Below is our LFJ Conversation with Aisling Byrne:
Nera recently passed $100 million in investor repayments, citing a “data-driven approach to case selection and risk management” as a key factor. What specific data-centric approaches have contributed the most impact?
At Nera, we see data not as a supporting tool but as the backbone of our decision-making. Our proprietary models assess thousands of variables across historical case outcomes, jurisdictional nuances, law firm performance metrics, and even the efficiency of courts. By feeding this data into predictive analytics, we can more accurately model recovery timelines and probabilities. What’s been most impactful is combining quantitative scoring with qualitative oversight—data helps us remove emotional bias, while our team of experienced professionals ensures the analysis is grounded in real-world legal and enforcement dynamics. That dual approach has allowed us to deliver consistent investor repayments while scaling responsibly.
Nera has now reached $150m in investor returns.

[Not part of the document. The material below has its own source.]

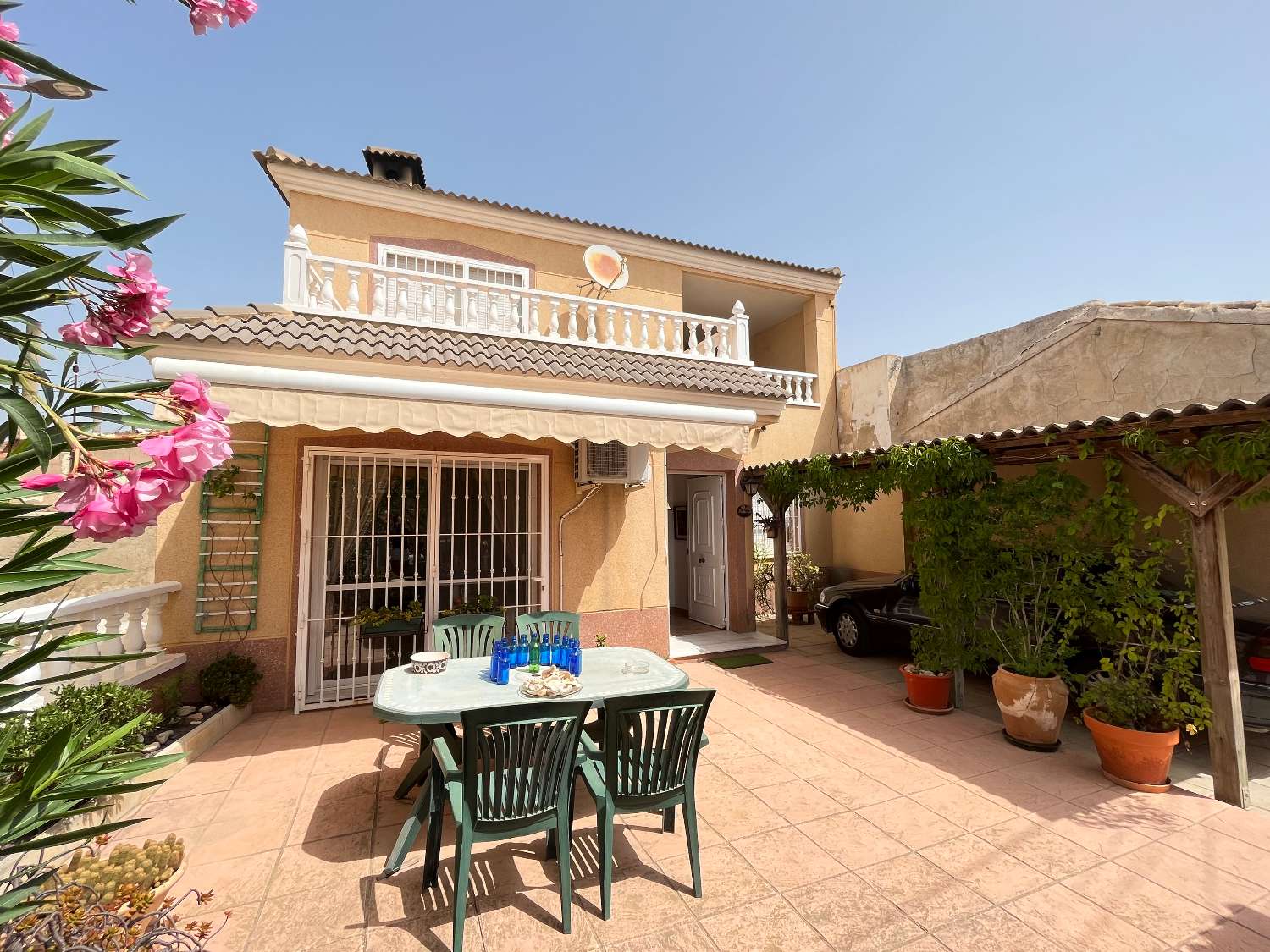 Grande villa avec 2 chambres et 2 salles de bains située à San Miguel de Salinas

You secured a £20 million funding line from Fintex Capital, bolstering Nera’s ability to support consumer claims and expand funding sources. How do such funding lines influence your ability to take on riskier or less predictable claims, including those where pre-judgment attachment might play a role in enforcement?
Regardless of how many new funding lines we secure, it doesn’t mean our approach changes. In the consumer division, our strategy of supporting proven, legal precedent set claim types and claim selection criteria remains exactly the same—and that high bar has been fundamental to our success and our ability to deliver substantial repayments to investors. The additional capital simply allows us to scale what we already do well, without diluting our standards.
For investors with a different criteria, the commercial division may be better suited. Those cases can sometimes have less predictable timelines, but also offer higher potential returns. In this way, we can align capital sources and timelines with the most appropriate claim types, ensuring consistency in performance while broadening the opportunities we can pursue.

Many financialized legal claims carry the potential for post-judgment or post-award interest and/or enforcement costs. Could you speak to how Nera evaluates the enforceability of judgments, including the likelihood of successful asset attachments (domestic or abroad), in structuring returns for investors?
Enforceability is as important as the merits of the case itself. A favourable judgment is meaningless without a realistic pathway to recovery. At Nera, we always seek to avoid claims where enforceability is in doubt. Before committing, we carry out a comprehensive enforceability assessment, which includes mapping the defendant’s asset profile, reviewing local enforcement regimes, and stress-testing recovery prospects. This rigorous upfront analysis is a cornerstone of our underwriting approach, and in our 15 years of business, we have not experienced enforcement issues—a strong validation of the discipline and prudence built into our process.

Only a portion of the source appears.